Domingo de la Semana 8ª del Tiempo Ordinario. Ciclo A
Lectura del Santo Evangelio según San Mateo 6, 24- 34

En su excepcional libro «Jesucristo», el entonces Papa Benedicto XVI, nos da una bella clave para poder aproximarnos a la Palabra de Dios: «Los santos son los verdaderos intérpretes de la Sagrada Escritura». Y justamente comentando el pasaje del Evangelio de San Mateo (San Mateo 6, 24- 34) que corresponde a este Domingo nos hablará de San Francisco de Asís. Dice Benedicto XVI «Francisco de Asís entendió la promesa de esta bienaventuranza en su máxima radicalidad; hasta el punto de despojarse de sus vestiduras y hacerse proporcionar otra por el obispo como representante de Dios, que viste los lirios del campo con más esplendor que Salomón y todas sus galas (Ver Mt 6, 28s). Esta humildad extrema era para Francisco sobre todo libertad para servir, libertad para la misión, confianza extrema en Dios, que se ocupa no sólo de las flores del campo, sino sobre todo de sus hijos».

Éste es sin duda el mismo mensaje que el profeta Isaías (Isaías 49, 14-15) y San Pablo (Primera carta de San Pablo a los Corintios 4, 1-5) nos quieren transmitir: confianza en Dios hasta el extremo, donde ni siquiera el fuero más íntimo me reprocha nada, cuando sé que el amor de Dios por mí es más grande que el amor de una madre.

«¿Acaso olvida una madre a su niño de pecho?»

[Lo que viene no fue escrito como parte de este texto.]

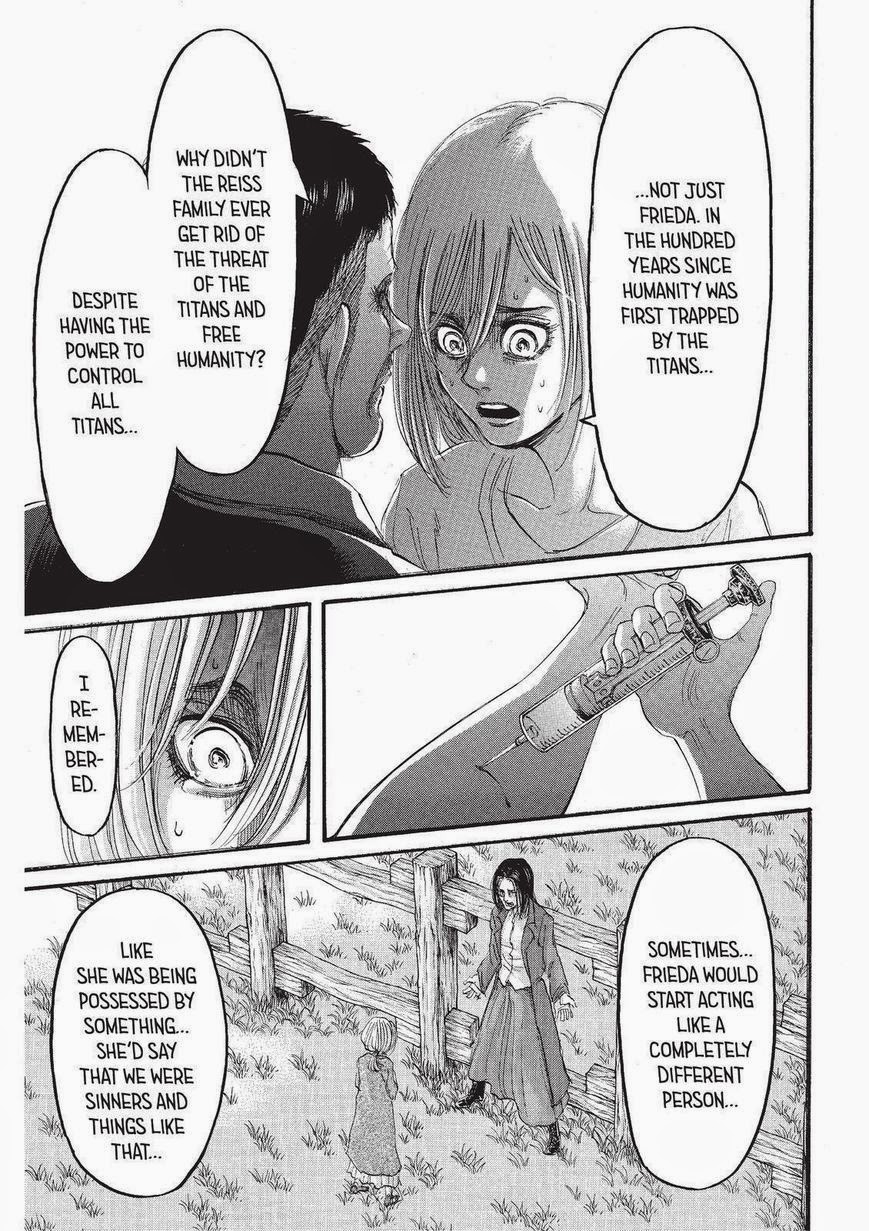 Attack on Titan manga, chapter 66, page 8 of 46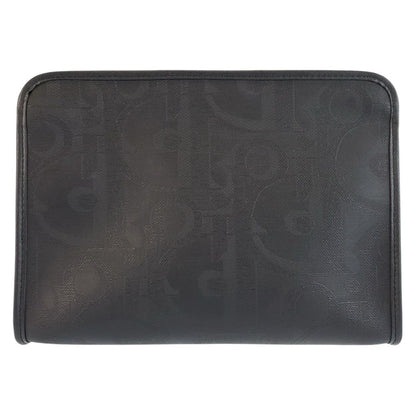 Dior Trotter Oval Black Clutch — view 2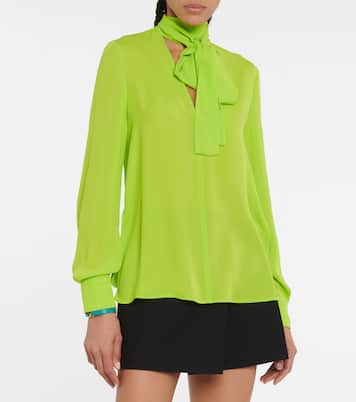 Bluse aus Seide | Valentino
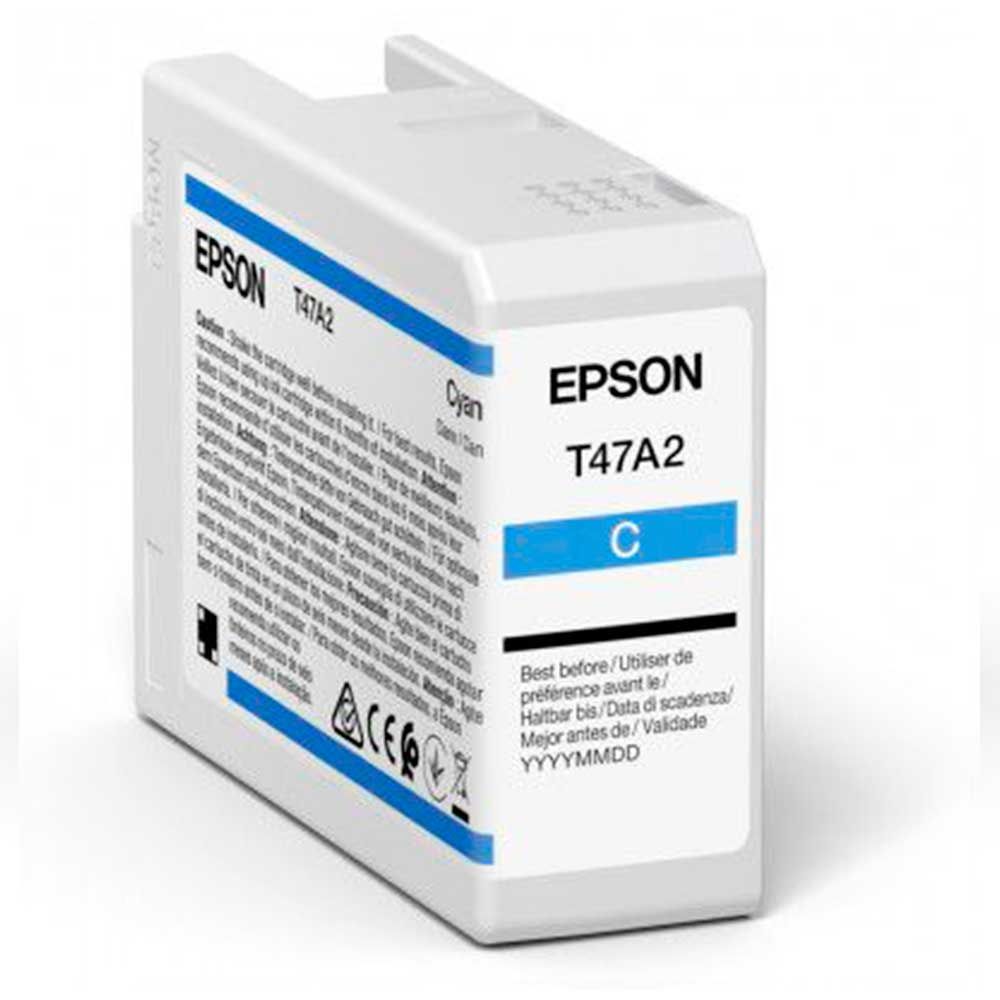 Epson T47A2 -mustekasetti, syaani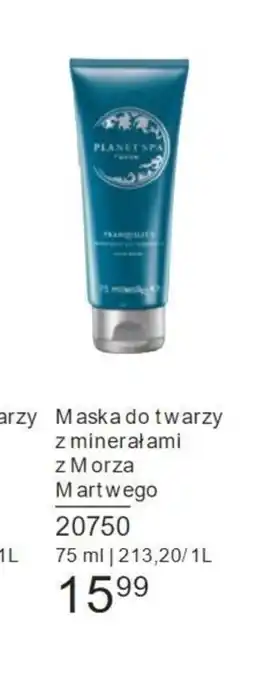 Avon Maska do twarzy Avon oferta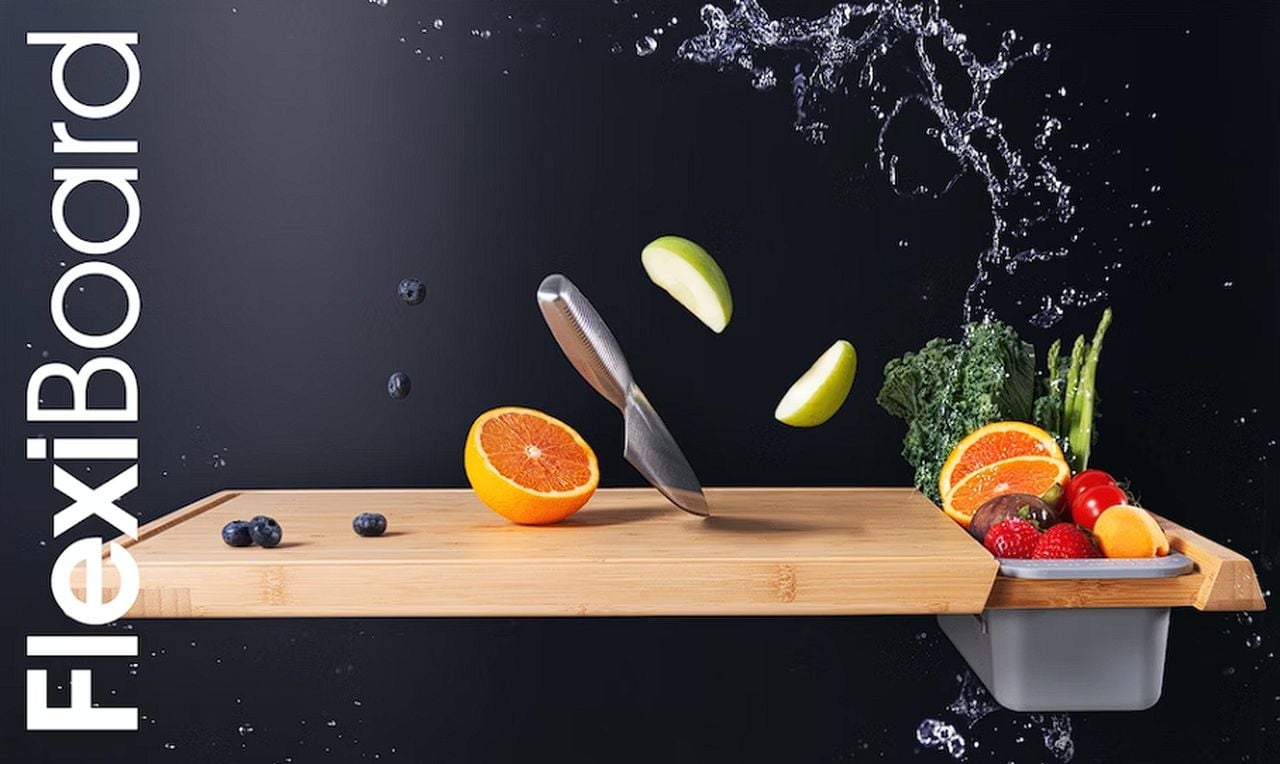 FlexiBoard modular chopping board from 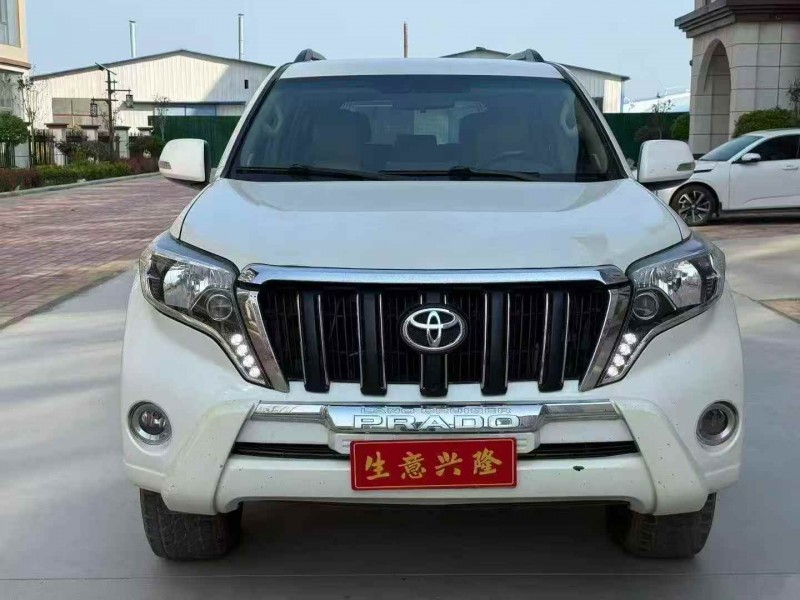 焦作12年丰田普拉多1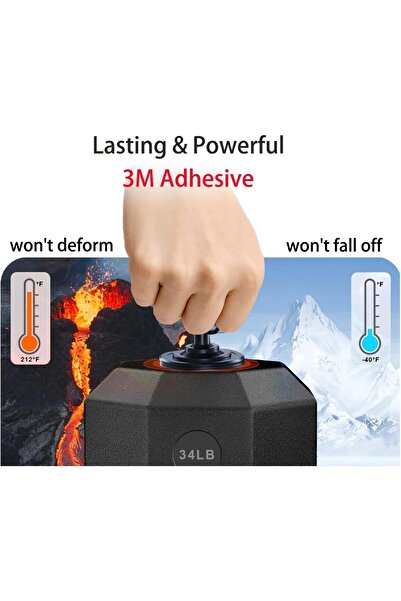 NALACAL Multi-Functional MagSafe Magnetic Car Mount Phone Holder (Fits iPhone 15 & MagSafe Cases)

El carácter mesiánico de todo el capítulo 49 del libro de Isaías es claro y evidente. No será más Ciro , el rey de Persia, el libertador de Israel sino el Mesías – el Siervo de Dios, el Santo – el cual vendrá para dar salud a su pueblo. En los primeros versículos de este capítulo se describe la vocación del «Siervo de Dios», luego su misión entre el pueblo judío y los paganos. El Siervo de Dios está llamado a reunir los pueblos de Israel, a «restaurar las tribus de Jacob y convertir a los sobrevivientes de Israel» (Is 49,6). Esto podría explicar por qué ninguno de los israelitas piadosos del tiempo de Jesús entendían el misterio de su rechazo y de su muerte.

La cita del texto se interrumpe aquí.